Hemat saya, untuk melahirkan pemimpina  muda yang baik itu kita bisa memfungsikan segala bentuk wadah yang ada seperti Organisasi Kepemudaan, Kemahasiswaan, kemasyarakatan, paguyuban, budaya dan organisasi keagamaan yang hirarkinya sudah bersifat nasional. Manfaat praktis dari wadah seperti ini adalah bisa melatih kecerdasan emosional seseorang terkait dengan bagaimana ia berpikir dan mengadaptasikan sikap dan hasil pikirannya terhadap yang lain, membangun kerjasama dan kepedulian, berkomunikasi dan mempengaruhi sesuai dengan porsi dan persoalan sehingga menjadi pribadi yang bijak, dewasa dan demokratis.

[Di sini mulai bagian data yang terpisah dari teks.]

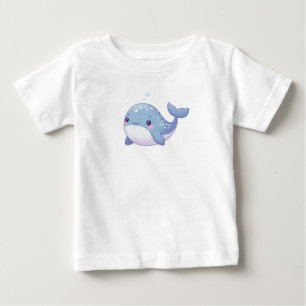 Cute, coastal/nautical whale baby T-Shirt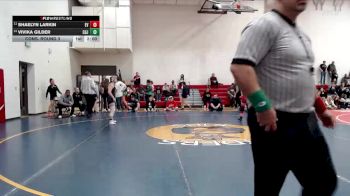 115 lbs Cons. Round 3 - Shaelyn Larkin, Evanston vs Vivika Gilder, Central Grand Junction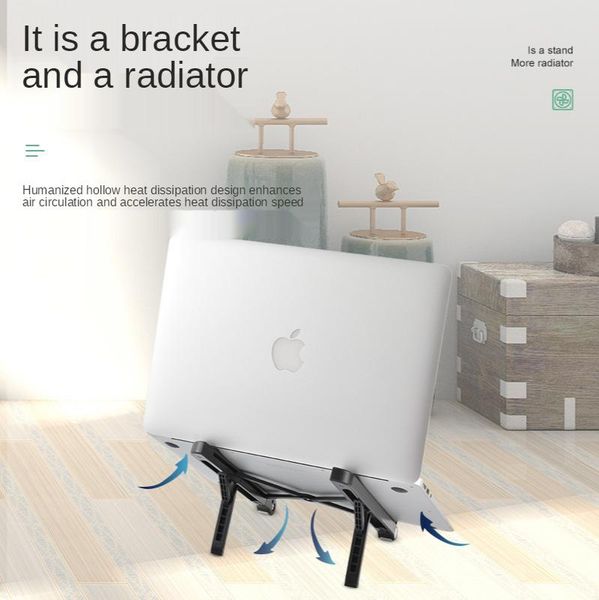 

lapstand computer multi-functional adjustable deskheight increase portable office folding heat dissipation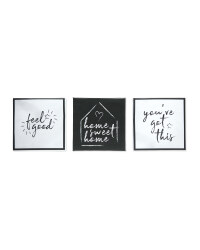 Kirkton House Home Tryptich Canvas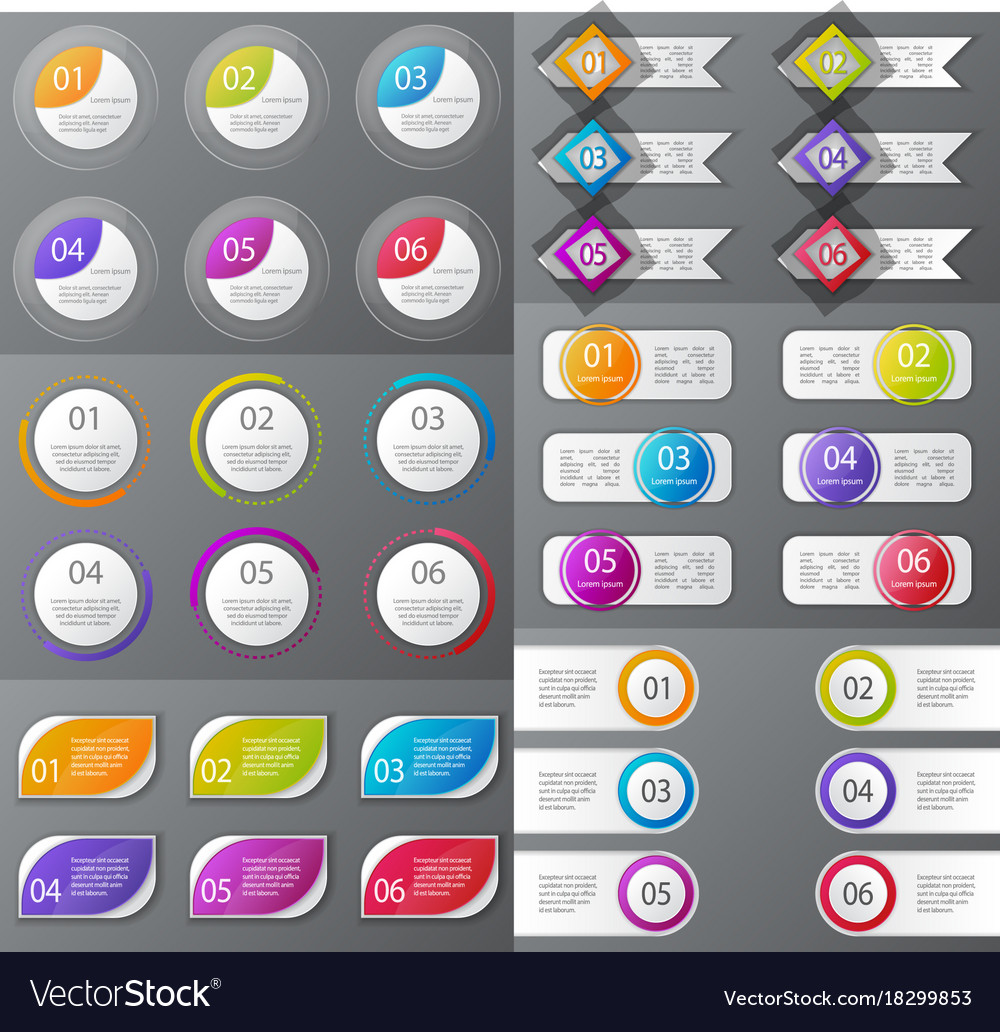Infographic elements set workflow layout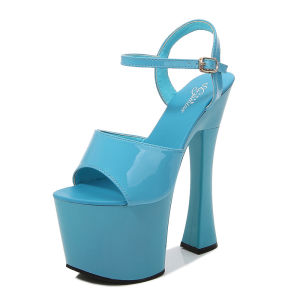 Womens Colorful Waterproof Platform New Fashion Party High Heel Sandals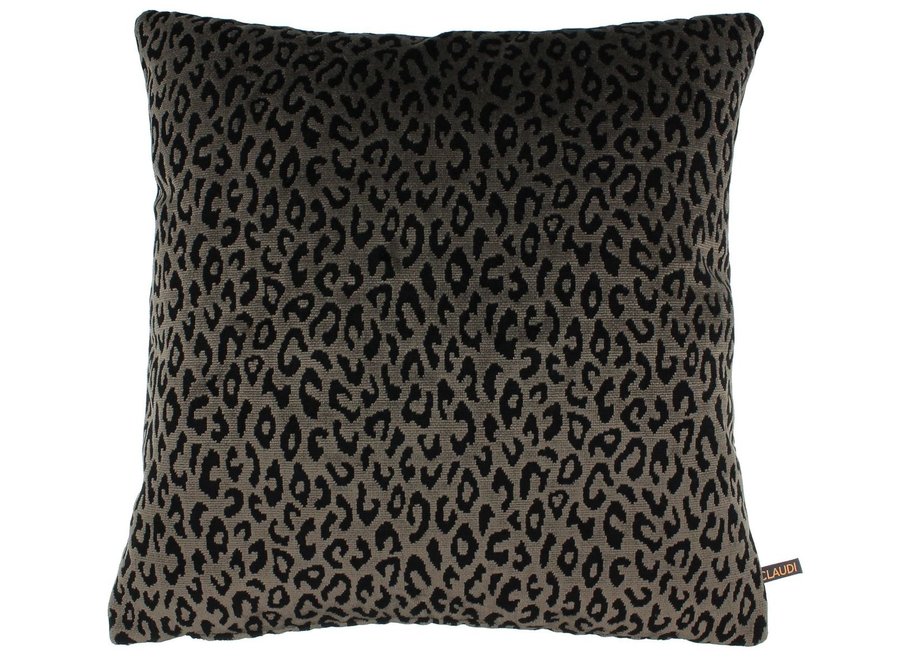 Decorative cushion Olla Dark Taupe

Disamping aktif di wadah-wadah seperti itu juga harus berjalan seiring dengan kegiatan literasi untuk mempertinggi paham dan wawasan teoritis guna menjawab persoalan, wawasan keilmuan begitu diperlukan sebab, segala ide, sikap dan keputusan harus punya landasan berpikir yang jelas dan tegas, tidak bisa hanya berpikir sebatas halusinasi dan tebak solusi semua berdasar olah pikir dan kajian. Gambarannya adalah tugas manusia menjawab masalah dari fakta dan fenomena yang ada, menyelesaikannya dengan cara mengawinkan fakta-fenomena itu dengan teori dan pengalaman yang dipahami supaya dapat kesimpulan jawaban yang tepat. Maka kalau ia tidak punya pemahaman tentang realitas persoalan dan prinsif-prinsif umum jawaban akan berpeluang terjadi sesat sikap hingga sesat keputusan. Oleh karena itu, dalam keseharian sesuangguhnya tidak ada paham dikotomi (pemisahan) antara teori dan fakta, keduanya saling beriringan.

Inilah beberapa catatan sederhana sebagai tawaran jalan untuk melahirkan pemimpin muda dalam aktivitas keseharian dengan terus berproses kembangkan potensi diri lewat berbagai wadah dan kesempatan penuh perhitungan terutama menikmati setiap masa proses yang dilalui. Tantangan terbesar anak muda saat ini adalah kemampuan menunda kesenagan sesaat, menghabiskan waktu lewat tanpa perhitungan, rutin tampil tapi hanya dalam gaya dan statusnya semata tidak dengan fungsi pikiran merespon persoalan. Semoga beberapa waktu kedepan pikiran pembangunan kaum muda segera dapat ditampilkan memeriahkan susanana sekaligus sebagai tanda bahwa mereka ada dan berdaya.